You can start to feel Old Man Winter’s breathe in our neck of the woods. Today I busted out my favorite goose-down coat as I headed out the door this morning. I reached into one of its pockets and discovered an unclaimed $20 bill. Gosh, I love it when that happens.
I had that same feeling earlier this last weekend when I was catching up on my favorite blogs. I learned of a new resolution to our issue of having too much money tied up in retirement accounts that, in theory, couldn’t be touched without penalty until age 59.5.
Quick History & Timeline
1998 to 2012 – Mrs.

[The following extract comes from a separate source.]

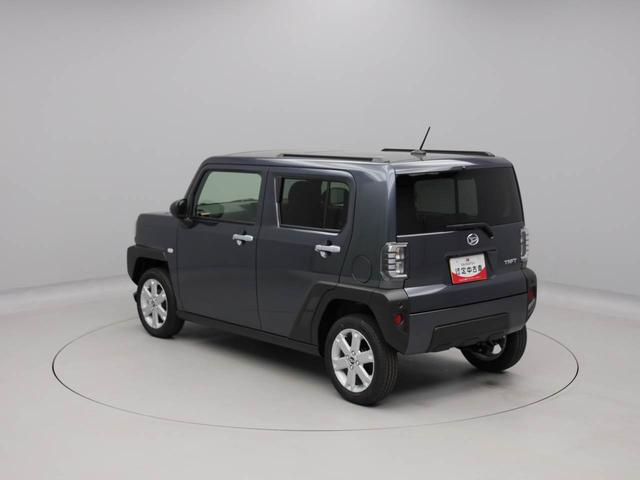 タフトGキーフリー LEDヘッドライト 衝突軽減装備(愛知県)の中古車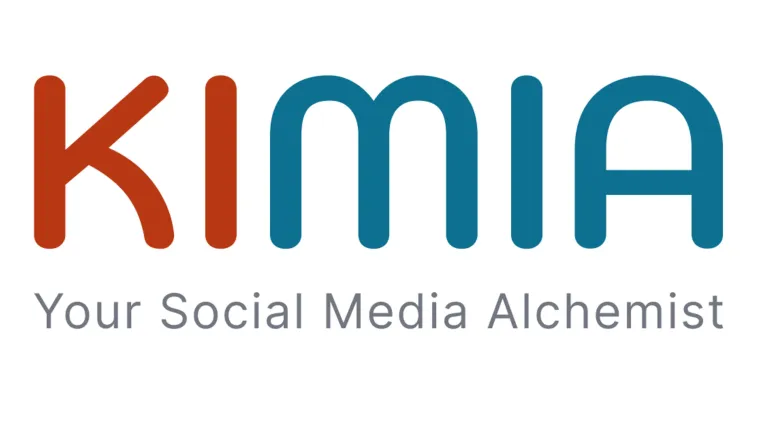 Bild: EXIST-Startup KIMIA bringt KI-gestützte Social Media Automation für KMU auf den Markt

Buck and I work our careers maxing out all kinds of tax-advantaged retirement accounts including employer 401k’s, Traditional IRAs, Roth IRAs, and SEP (self-employed) IRAs.
2010 – 2013 – Every year around tax time, Mrs. Buck insists we’ve saved too much in retirement accounts that we can’t touch until age 59.5 and that we should pare back on certain contributions. I only half-hear her suggestions because I feel we need multiple millions before we can retire and take no action.
April 2013 – I start this blog for accountability reasons after being convinced that by being more careful in our spending that we could conceivably move our retirement date up by years from age 50 to our early 40’s.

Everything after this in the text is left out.